● **YOUR ASSIGNMENT**:
Only one stretch of the data is wanted: the line containing "Bulbul žltkastobruchý (Pycnonotus", the line containing "3 Days Serengeti", and every line between them, copied exactly.

● **INPUT FOR THIS TASK**:
+-------+

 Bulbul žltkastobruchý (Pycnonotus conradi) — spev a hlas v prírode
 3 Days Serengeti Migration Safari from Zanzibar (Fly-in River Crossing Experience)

+-------+

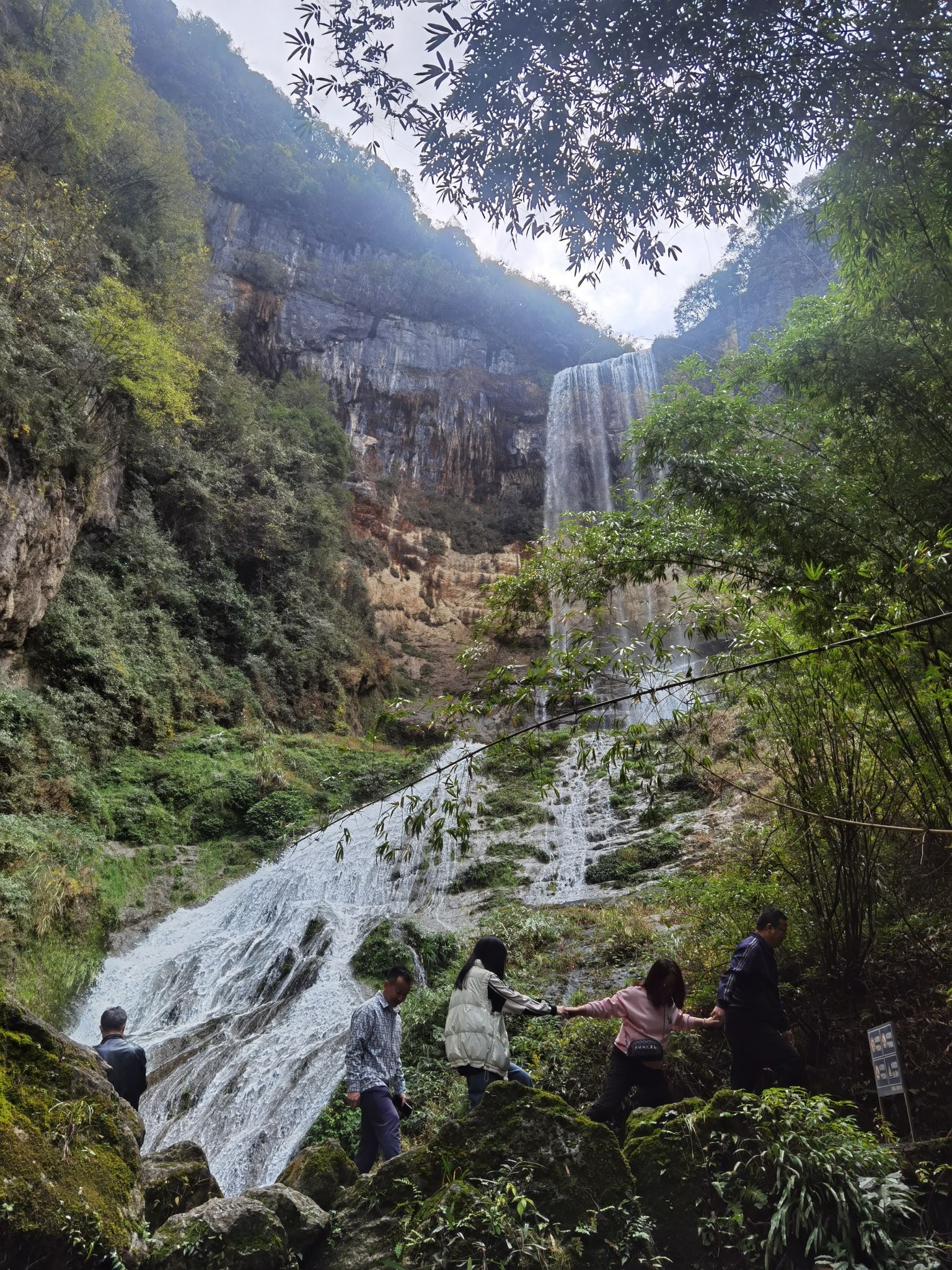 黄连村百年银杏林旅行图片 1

+-------+

● **REPLY**:
 Bulbul žltkastobruchý (Pycnonotus conradi) — spev a hlas v prírode
 3 Days Serengeti Migration Safari from Zanzibar (Fly-in River Crossing Experience)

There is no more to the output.